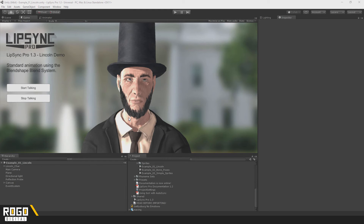In the last episode, I went over adding phoneme markers to a lip-sync clip. In this one, we'll have a look at the other two types of marker: emotions and gestures.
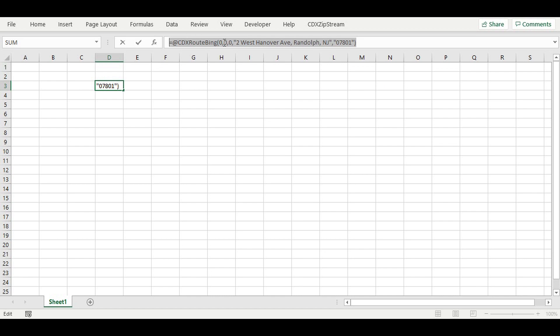The first number here is 0, meaning that we have selected the quickest route. The second number, 0, means the results sent back to the spreadsheet will be the distance of the route in miles.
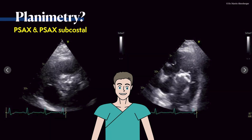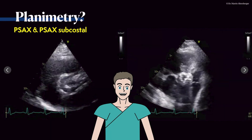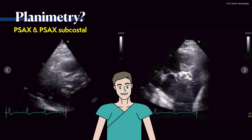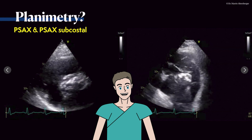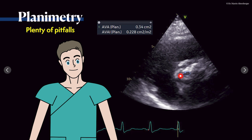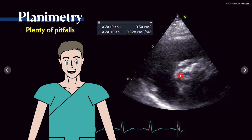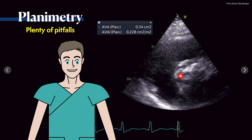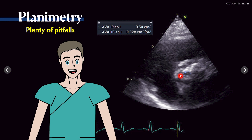Very often you will also want to try planimetry. You can do that in a parasternal short axis or in a subcostal view, but keep in mind that planimetry has plenty of pitfalls. First of all, the actual area you measure may not be the same as the calculated area, because the flow and functionality of the valve sometimes differs slightly from the anatomy — so it's not always entirely the same.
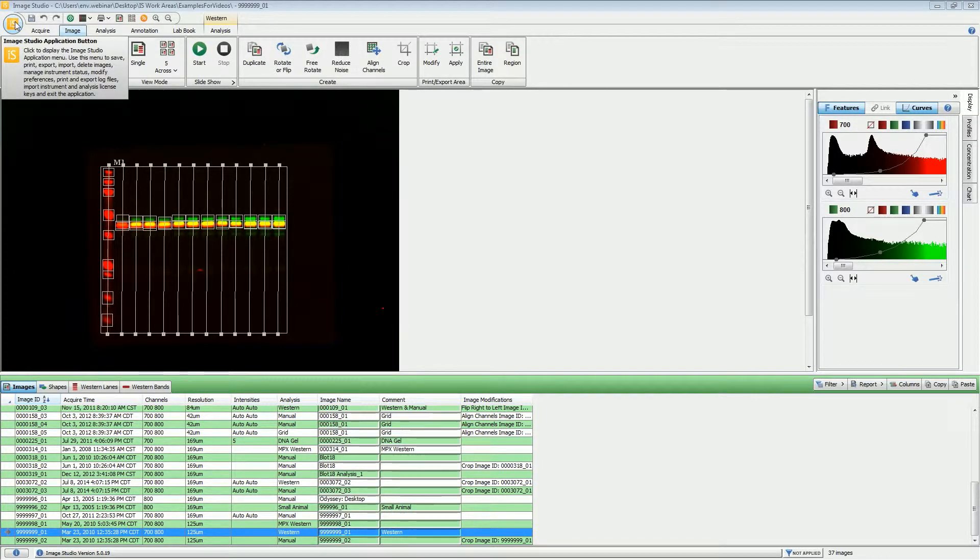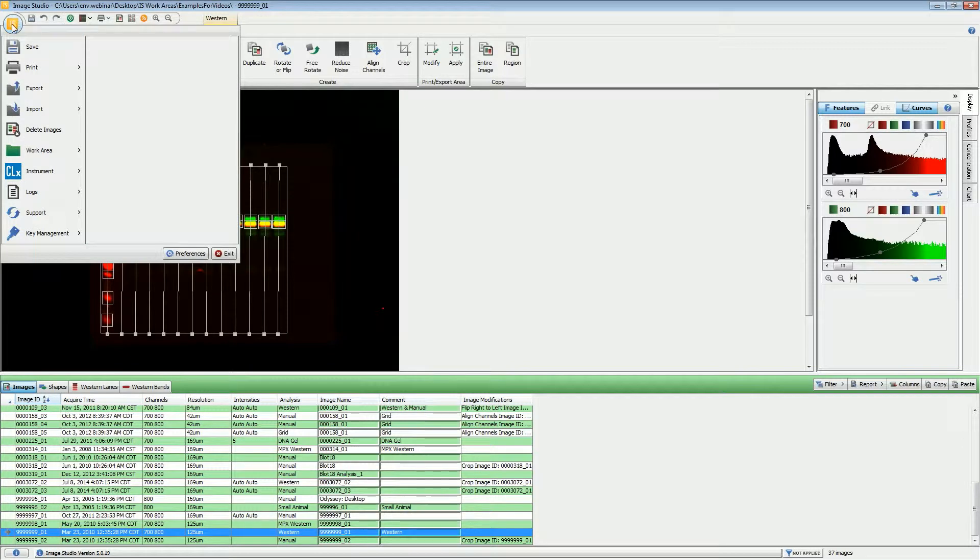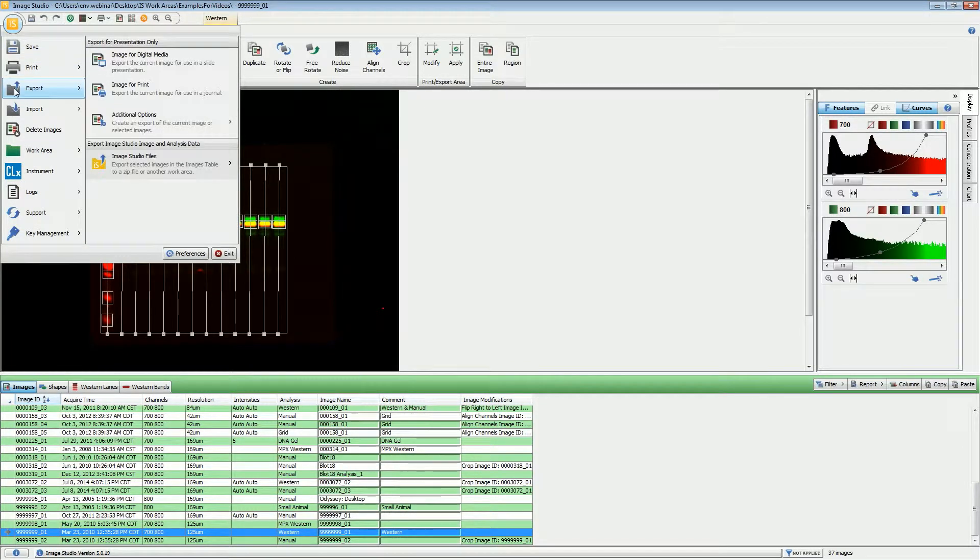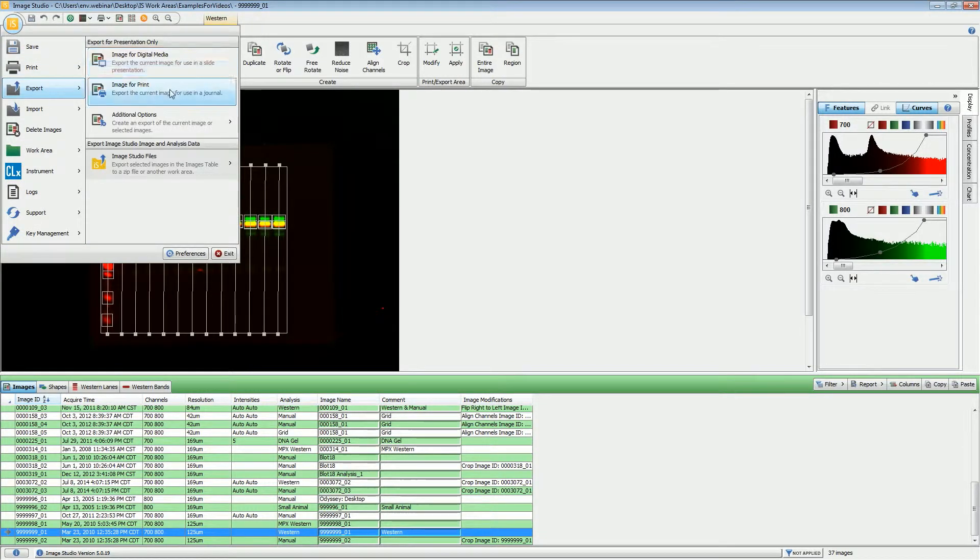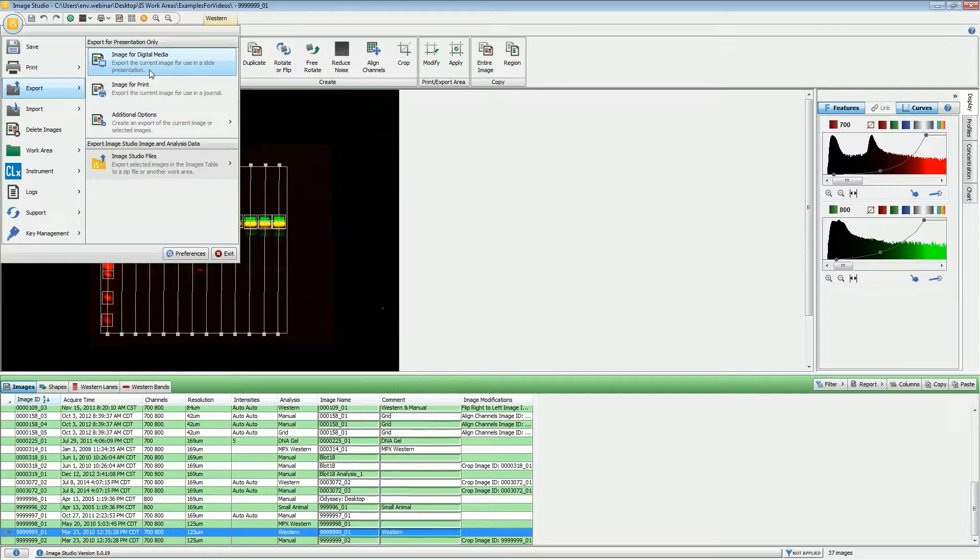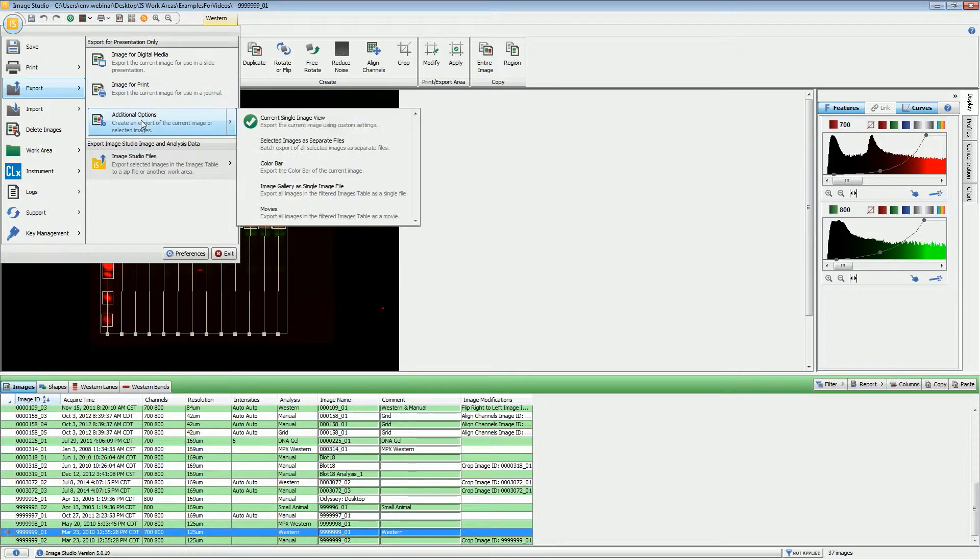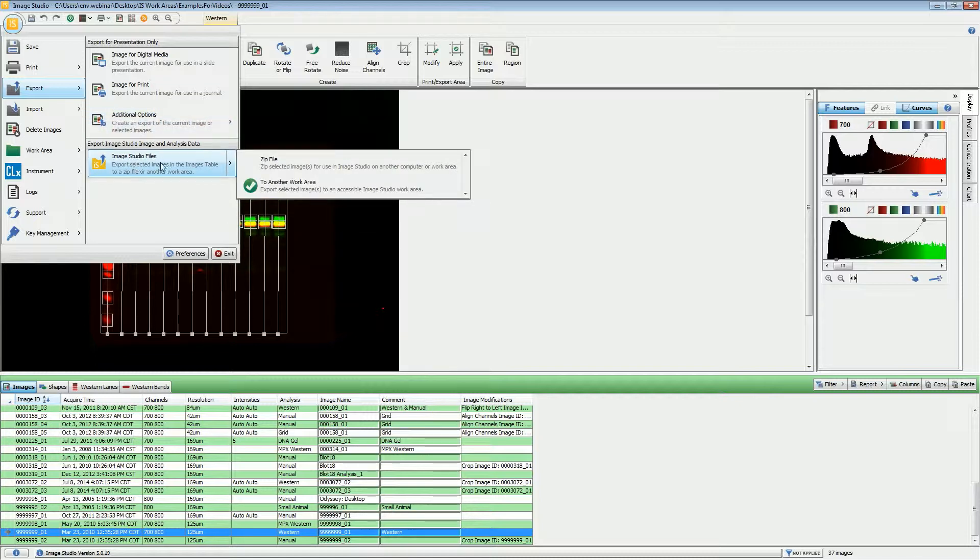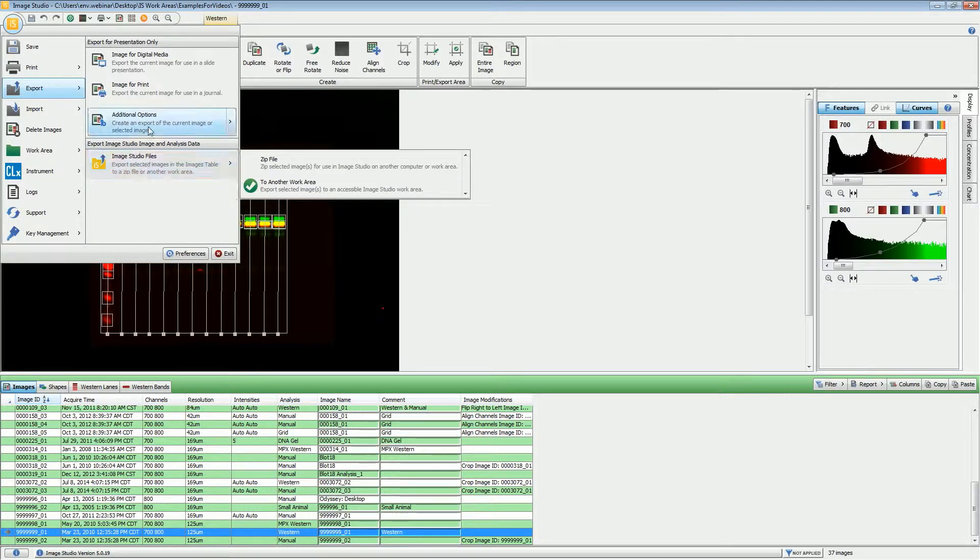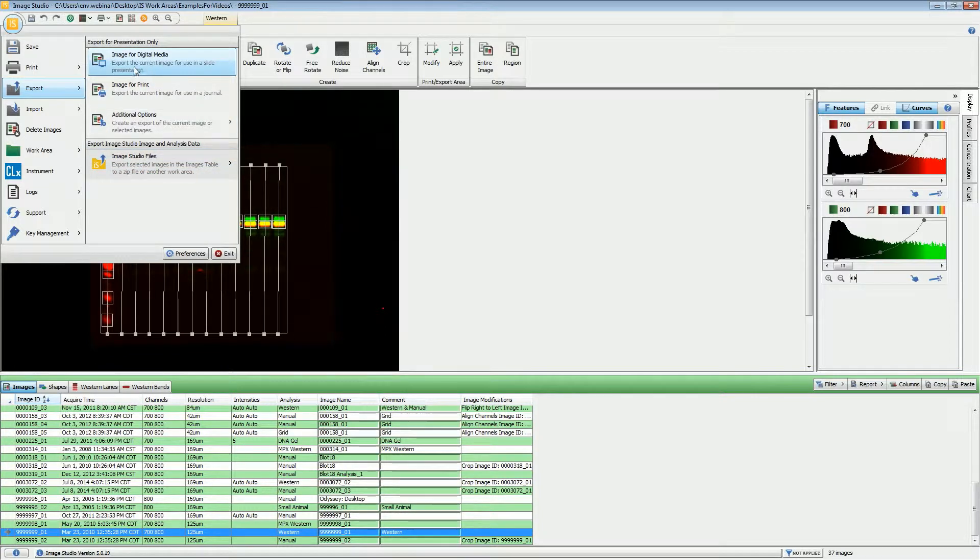Then choose which type of export you would like to do. If you're doing something like a PowerPoint or web presentation, you would choose For Digital Media. If you will be printing or if the image will be used in a journal, you choose Image for Prints. We also have some additional options which I'll discuss momentarily, and I'll also discuss how to move Image Studio files from one work area to another.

++++++

*Exercise aim*. Nothing but the lines from the first line of the data above through the line holding "The first number" may appear in the response, copied exactly and without pictures.

*Your solution*.
In the last episode, I went over adding phoneme markers to a lip-sync clip. In this one, we'll have a look at the other two types of marker: emotions and gestures.
The first number here is 0, meaning that we have selected the quickest route. The second number, 0, means the results sent back to the spreadsheet will be the distance of the route in miles.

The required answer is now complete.